## Study material
%%

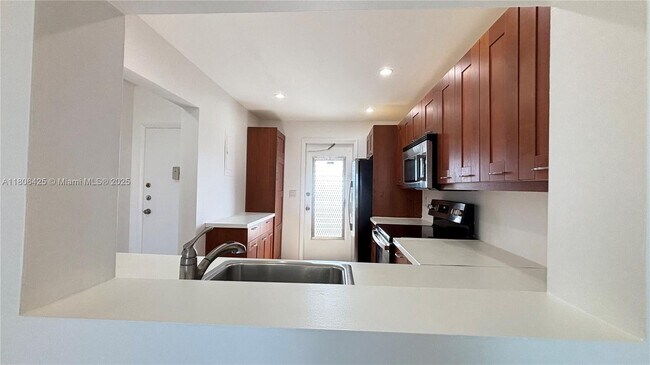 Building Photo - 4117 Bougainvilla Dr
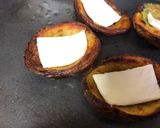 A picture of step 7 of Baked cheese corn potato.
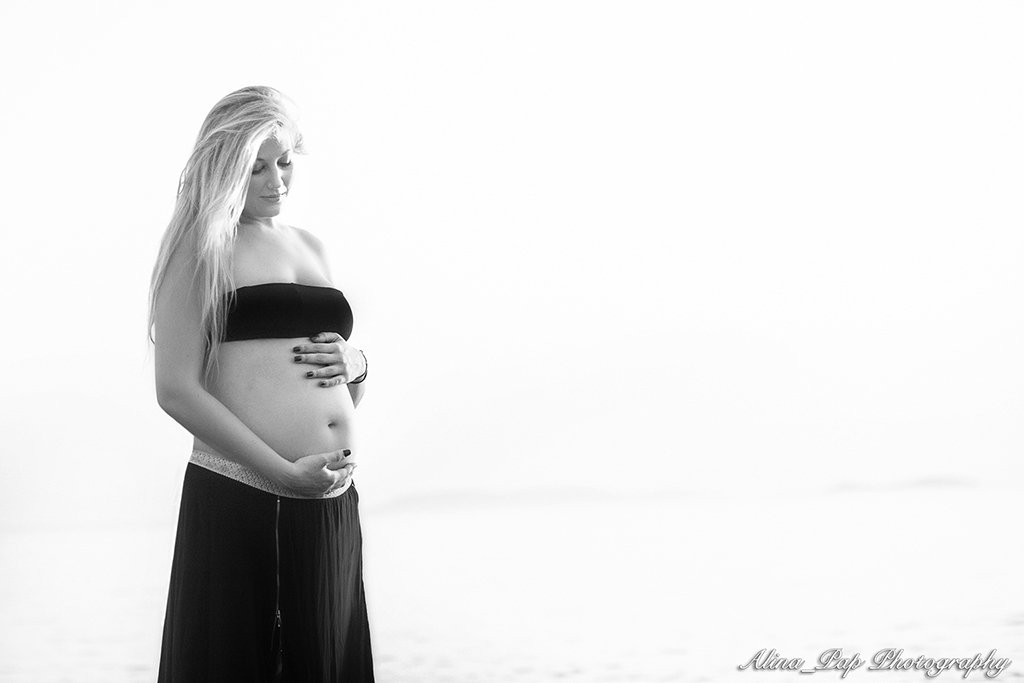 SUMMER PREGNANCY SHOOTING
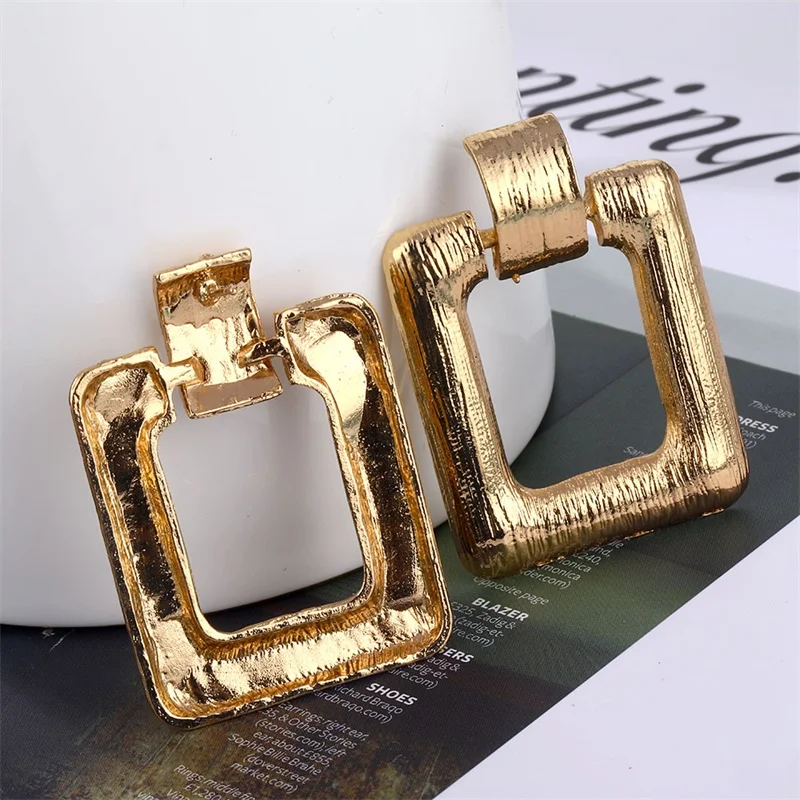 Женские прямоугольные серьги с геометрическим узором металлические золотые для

%%
%%

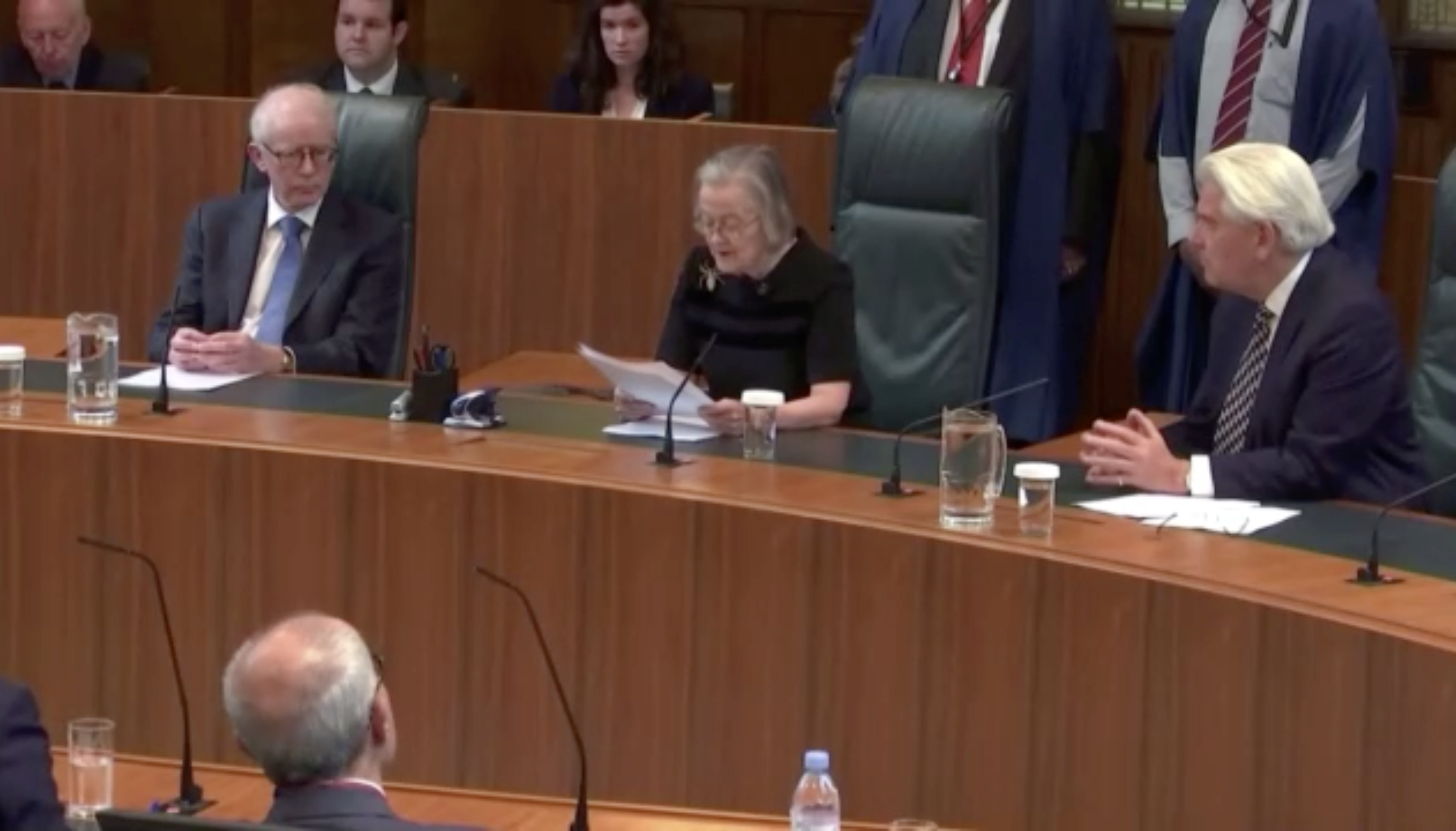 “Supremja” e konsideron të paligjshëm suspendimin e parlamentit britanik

%%
%%

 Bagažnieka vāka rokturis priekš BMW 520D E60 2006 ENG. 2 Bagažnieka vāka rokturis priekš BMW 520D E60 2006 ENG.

%%

## Exercise requirements
Taking the entries above, copy word for word the lines from the one with "Building Photo - 4117 Bougainvilla Dr" up to and including the one with "Женские прямоугольные серьги", without any picture.

## Solution to this exercise
 Building Photo - 4117 Bougainvilla Dr
 A picture of step 7 of Baked cheese corn potato.
 SUMMER PREGNANCY SHOOTING
 Женские прямоугольные серьги с геометрическим узором металлические золотые для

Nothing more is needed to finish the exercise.